The Clery Report is named after Jeanne Clery, who was raped and murdered in her dormitory at Lehigh University in Bethlehem, Penn., in April of 1986.
After Clery’s death, her wealthy family discovered that the crime statistics released by Lehigh University were not reflective of the actual crimes committed.
“There was no requirement at that time to report crimes like the Clery Report today,” Lemmon said. “Universities were cooking their books with crime stats. The motivation was the lower the crime rate, the more parents would want to send their children there.”
Lemmon defined the term “cooking their books” as deceptively skewing crime numbers. For example, before the Clery Report universities could report multiple different burglaries that occurred in the same building as one crime. This allowed the university to have a safer perception than was the reality.
The Clery family sued Lehigh University for misrepresentation of crime statistics, which almost caused the university to go out of business. The Clerys used their settlement to pay for lobbying at local and national levels for legislation requiring universities to publicly and accurately record all crime statistics.
According to BYU’s official Clery Annual Security report in 1990, “Congress enacted the Crime Awareness and Campus Security Act which requires all postsecondary institutions participating in the Title IV student financial aid program to disclose campus crime statistics.”
Lemmon, who is in charge of compiling and producing the report for BYU, explained how this law has changed the way universities across the nation handle the protection of their students.

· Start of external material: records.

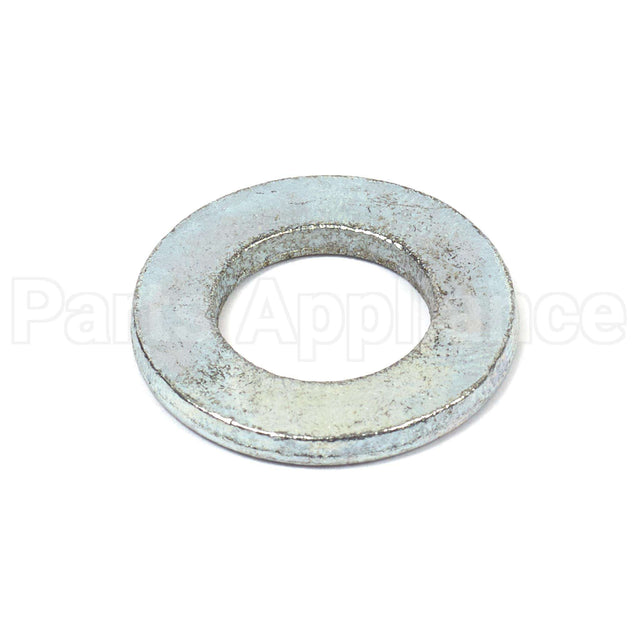 5025477SM Briggs & Stratton Washer 5/8 Yz"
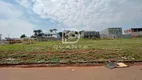 Foto 6 de Lote/Terreno à venda, 300m² em Setor Sul Jamil Miguel, Anápolis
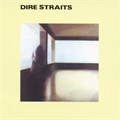 DIRE STRAITS - DIRE STRAITS 602537529025
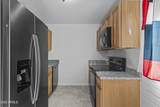 720 82ND Street - Photo 4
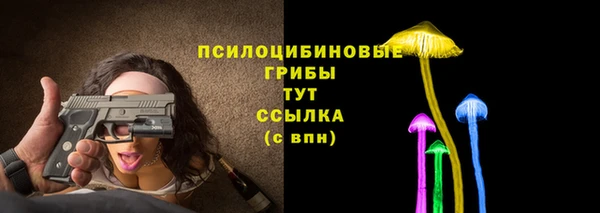 MESCALINE Новозыбков
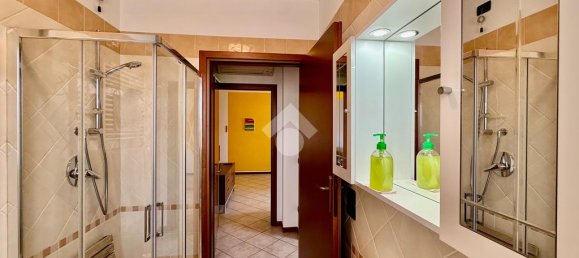 1 bedroom Apartment in Abano Terme, Italy No. 347400 26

“It’s sad but unless the government mandates it, it doesn’t get done,” Lemmon said. “The Clery Report and other parts of the law have mandated universities to have emergency notification systems and evacuation plans. It has helped make institutions more accountable.”
William Morris, a former Provo resident who now attends Louisiana State University, finds the Clery Report helpful.
“I look at the report every year to see what is happening at my university and where the safest parts are,” Morris said. “It helps me stay informed about what is going on. It helped me determined where I should live.”
Despite the improvement in safety and crime reporting ushered in by the Clery Report, there are many detractors who claim that the report is too complicated and time-consuming.
“Every couple of years they (Congress) add some more requirements to it,” Lemmon said. “It has developed to the point where the report needs daily attention.”
For example, Lemmon explained the complicated new geography mandates that require universities to acquire crime statistics for areas outside of campus boundaries.
“They now require for you to acquire crime statistics for public property immediately adjacent to the institution’s property,” Lemmon said. “The public property ‘immediately adjacent’ is defined from the sidewalk nearest to campus and all the streets or property until the next closest sidewalk. No police department keeps specific crime statistics like this. It’s basically impossible to acquire.”
Although producing the report has been time-consuming, Lemmon doesn’t have any issue with the deliberate gathering of information now required by the Clery Report, but rather said it is valuable.
“I am hard-pressed to find anything in this report that is a waste of time,” Lemmon said. “Bad police work means bad case law. If you can help just one person, then everything we have to do is worth it.”